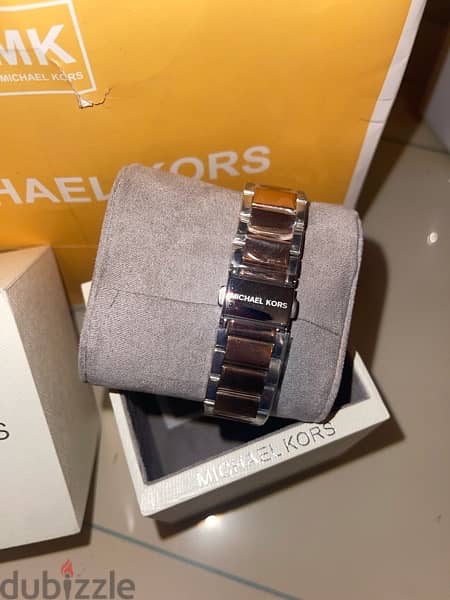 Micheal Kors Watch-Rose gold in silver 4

• • • • •

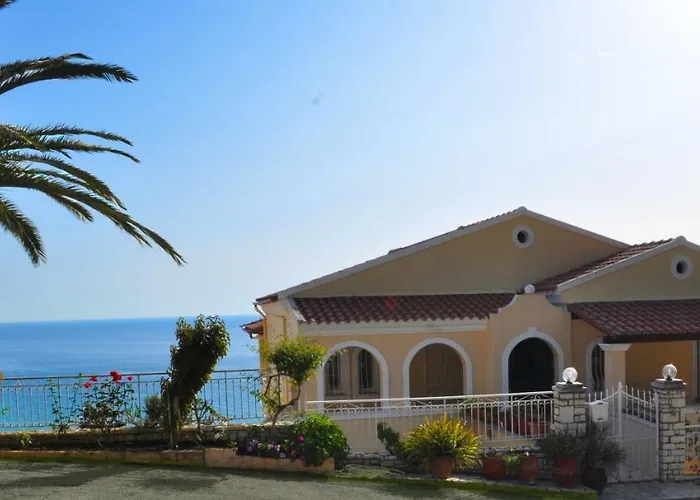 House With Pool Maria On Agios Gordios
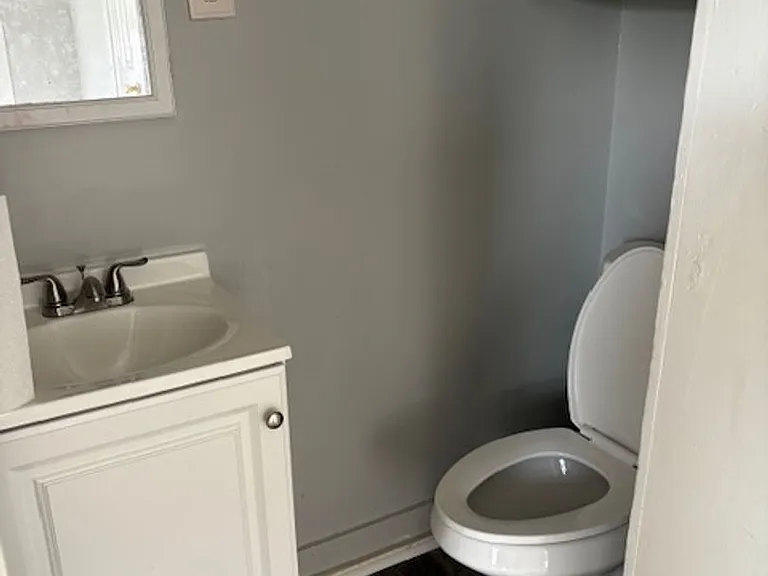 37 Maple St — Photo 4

• • • • •

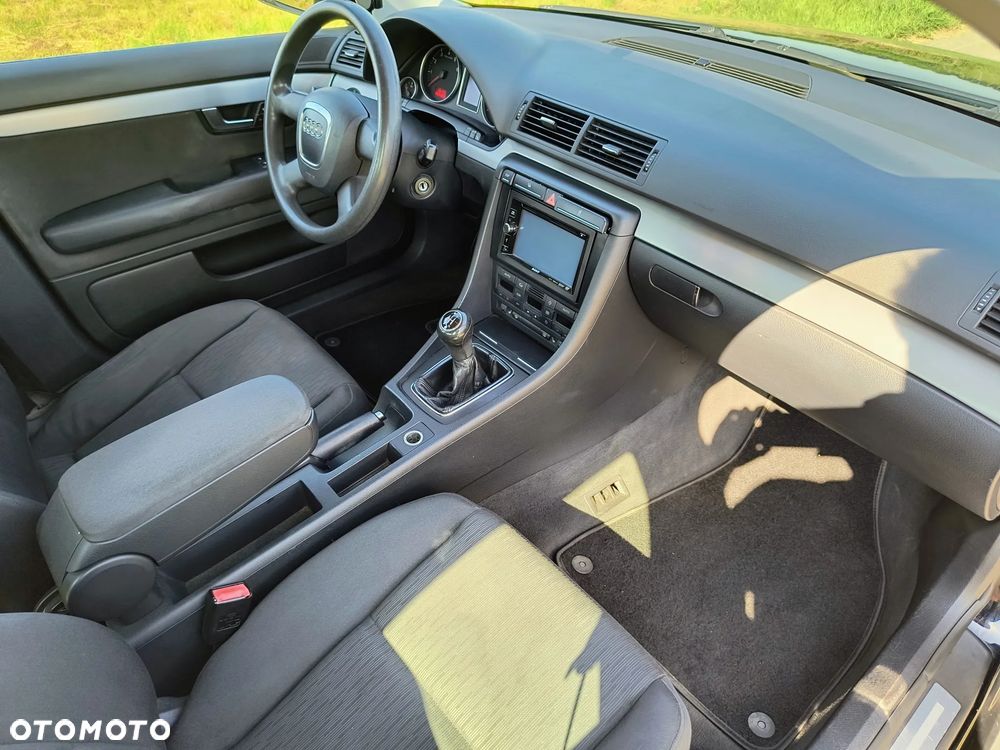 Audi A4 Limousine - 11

• • • • •

■ **Assignment**:
In the listing above, find the line containing "House With Pool Maria On Agios Gordios" and the line containing "37 Maple St — Photo 4", then output those two lines and everything between them exactly as written, without the images.

■ **Result of this task**:
 House With Pool Maria On Agios Gordios
 37 Maple St — Photo 4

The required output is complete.